There are four: Nati, Patri, Marga and Àngels. They are related, have varying degrees of what the Administration and medicine consider "intellectual disability" and share a tutored floor. They have spent a good part of their lives in RUDIS and CRUDIS (urban and rural residences for people with intellectual disabilities). But above all, they are women with an extraordinary capacity to face the conditions of domination that they have suffered. His is the oppressive and bastard Barcelona: the city of squats, the Platform for People Affected by Mortgages, anarchist athenaeums and politically correct art.

This is a radical novel in its ideas, in its form, and in its language. A cry-novel, a politicizing novel that crosses voices and texts: a fanzine that puts the neoliberal system in check, the minutes of a libertarian assembly, the statements before a court that intends to forcibly sterilize one of the protagonists, the autobiographical novel that write one of them with the Easy Reading technique ...

This book is a battlefield: against white, monogamous hetero patriarchy, against institutional and capitalist rhetoric, against activism that uses the garb of "the alternative" to prop up the status quo. But it is also a novel that celebrates the body and sexuality, the desire of and among women, the dignity of those who are marked with the stigma of disability, and the transgressive and revolutionary capacity of language. It is above all a portrait –visceral, vibrant, combative and feminist– of contemporary society with the city of Barcelona as a setting.

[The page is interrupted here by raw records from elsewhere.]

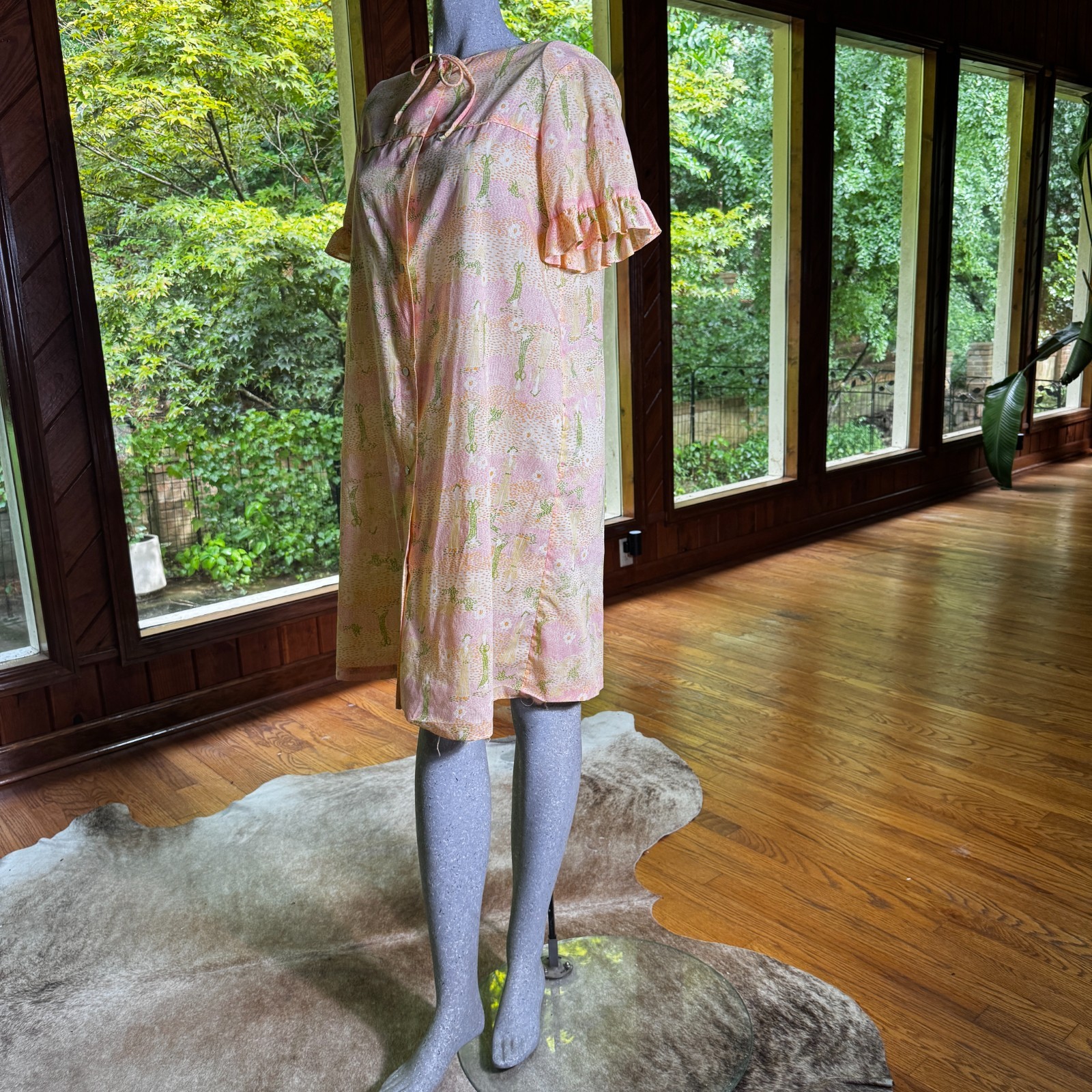Vintage 60s Lounge Craft House Coat Dress Robe Novelty Print ILGWU Size Medium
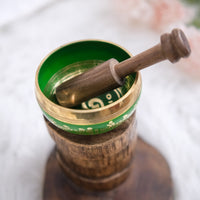 Green 3.5 Inch Tibetan Meditation Singing Bowl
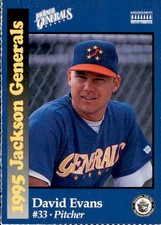 1995 Jackson Generals Smokey #6 David Evans Houston Texas TX Baseball Card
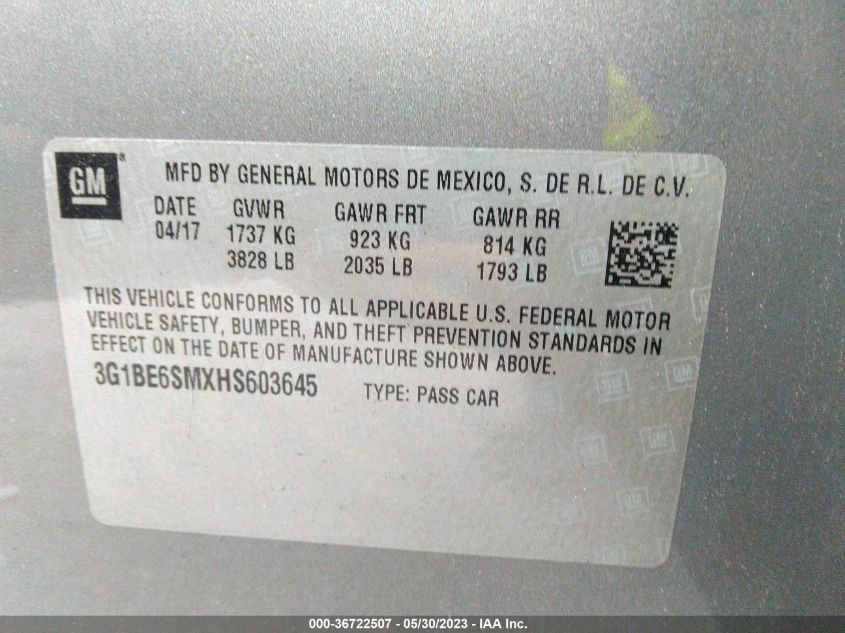 2017 CHEVROLET CRUZE LT - 3G1BE6SMXHS603645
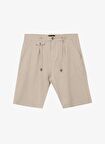 Bej Erkek Bağlamalı Regular Fit Bermuda Şort FC4SM-SHT 0895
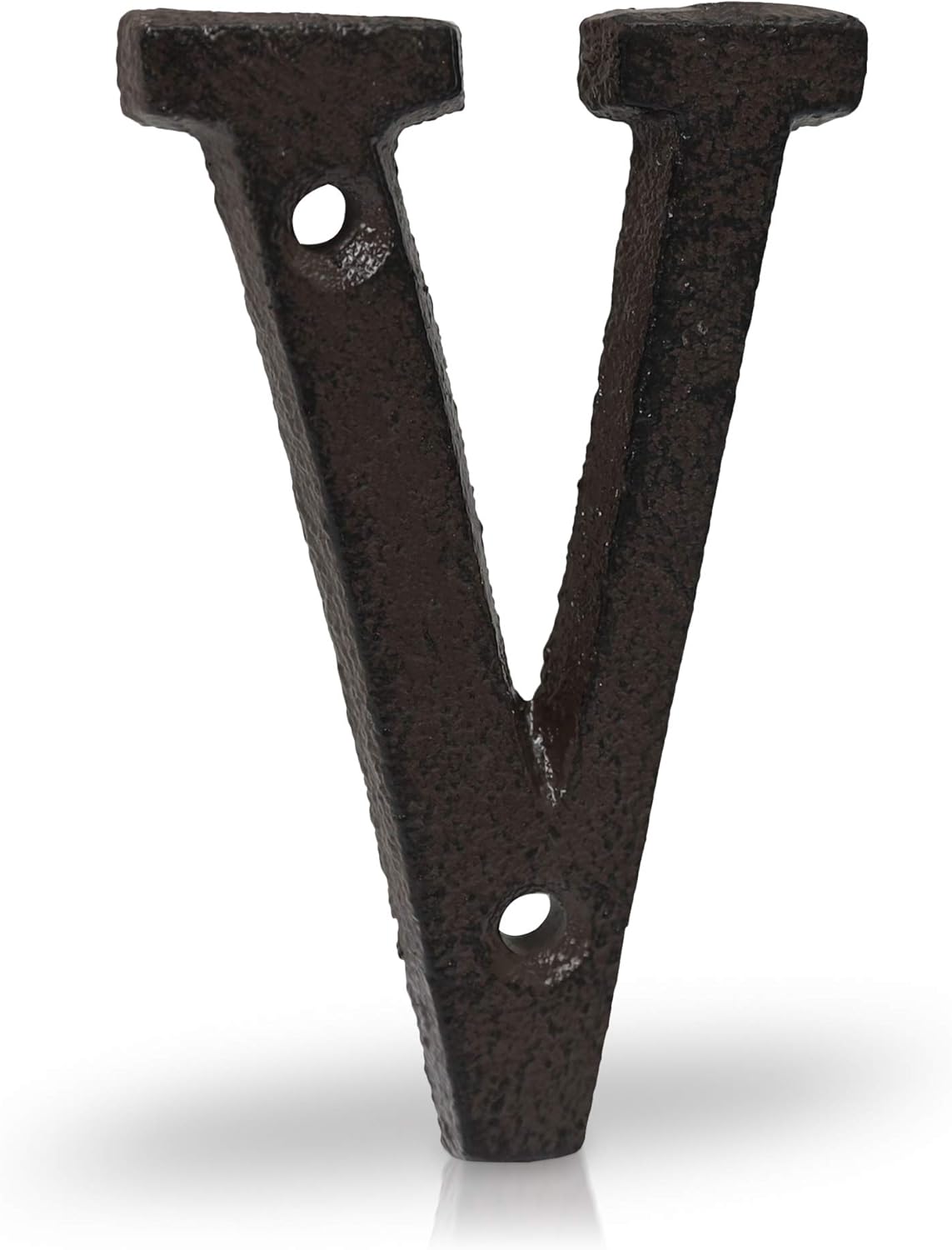 Basic Fundamentals 3-Inch Cast Iron Letters for Wall and Mailbox - Letter V - Industrial Design Mailbox Letters for Address Sign and House Decor - Black Brown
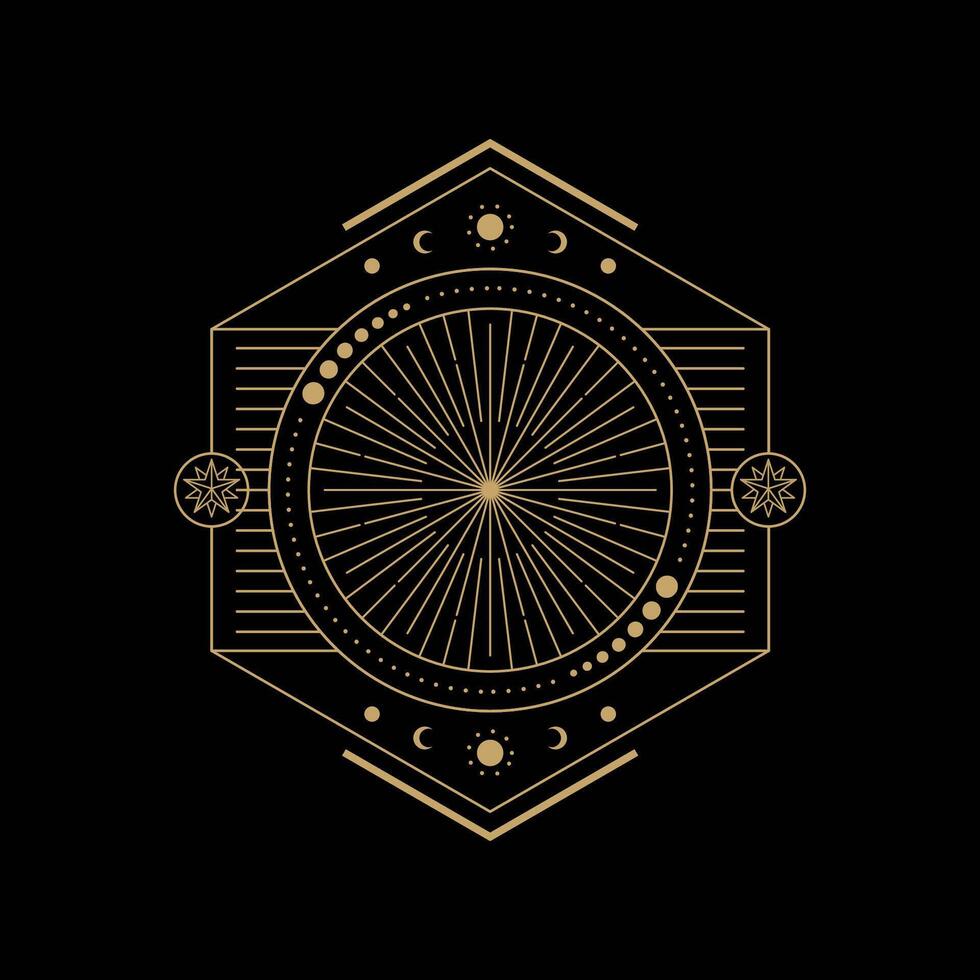 mysterious golden hexagonal symbol design vector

Easy reading confirms Cristina Morales as one of the most powerful, creative, nonconformist and innovative voices in current Spanish literature.

Easy reading

The fighters

The first film in terms of the author's novel. One of those stories in which the narrative will emerges as something sequential from the ideological point of view. Neither good nor bad, simply total openness, frankness and proselytism for their cause from a narrative that rescues from the most real the vision of a world where art necessarily becomes a vindication by abandoning the functions of all social initiative.

This is about a rabid youth floating among the wreck; of a group of theater actors who become political actors and decide that reality can only be portrayed through ridicule, and that this, to be credible and effective, must start with oneself and reach our literary masters.

Who are the combatants: those who jump rope (like boxers in their training sessions), members of a university theater company, young people who in s. XXI survive by gorging on love since they cannot get enough of bread, in the words of the sociologist Layla Martínez.

This is a book - perhaps a novel, perhaps a play - that tells a true story through fiction, which speaks of representation and reality, of imposed radicalisms and authentic transgression, of art as provocation and provocation as art It does so by challenging the reader (and also the reader) in a far from innocent game that incorporates, sometimes quoting and sometimes without quoting, other people's texts.